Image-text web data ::
━━━━━━
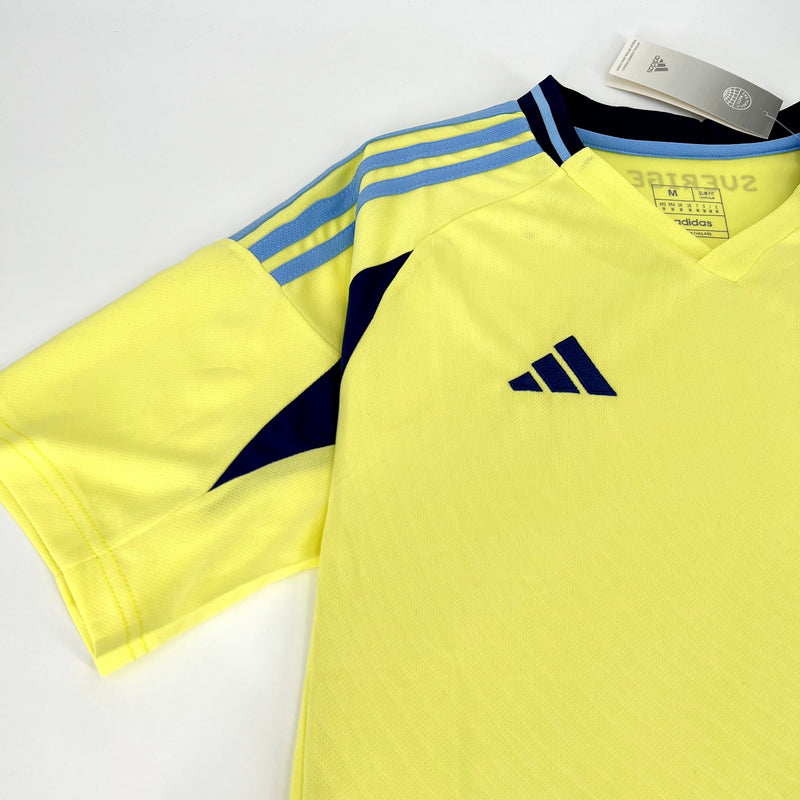 SWEDEN MEN'S JERSEY EURO I 2024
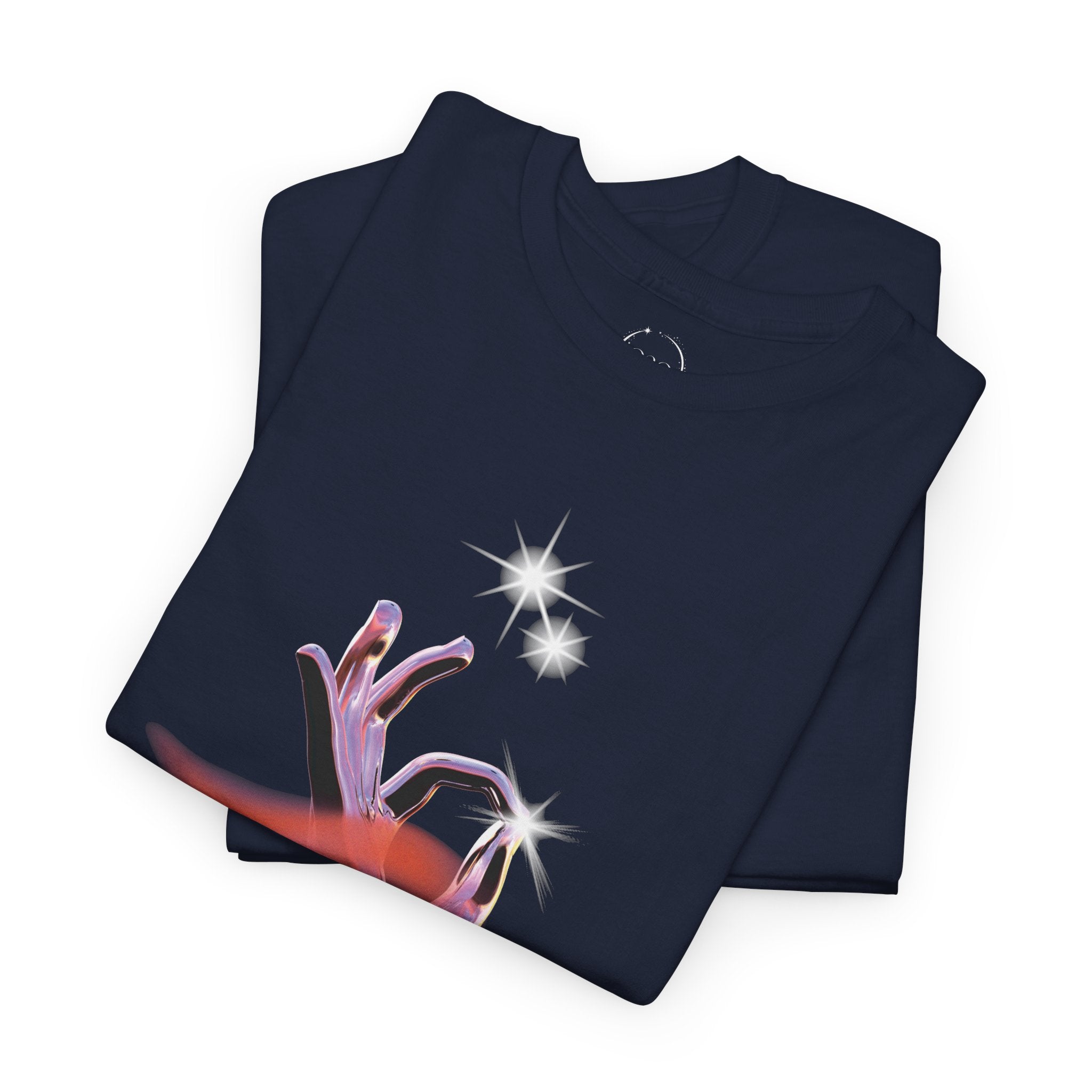 Unshakable T-Shirt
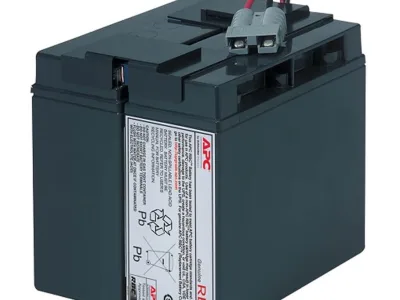 APC Replacement Battery Cartridge RBC7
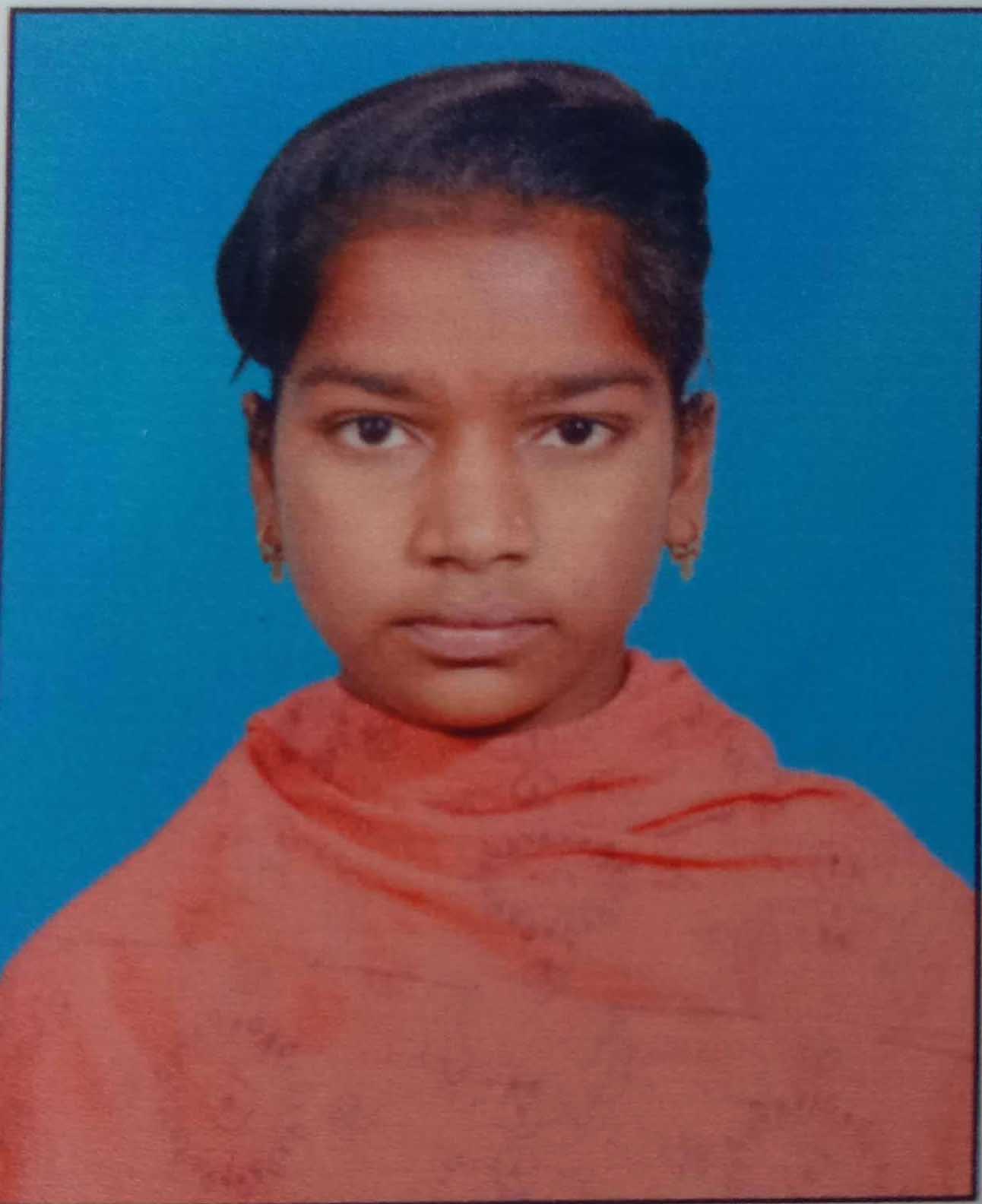 student photo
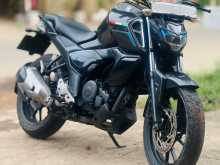Yamaha FZ-S Version 3.0 2019 Motorbike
━━━━━━
Work order ::
Pictures don't belong in the copy. Transcribe every record exactly as it appears.

Written response ::
 SWEDEN MEN'S JERSEY EURO I 2024
 Unshakable T-Shirt
 APC Replacement Battery Cartridge RBC7
 student photo
Yamaha FZ-S Version 3.0 2019 Motorbike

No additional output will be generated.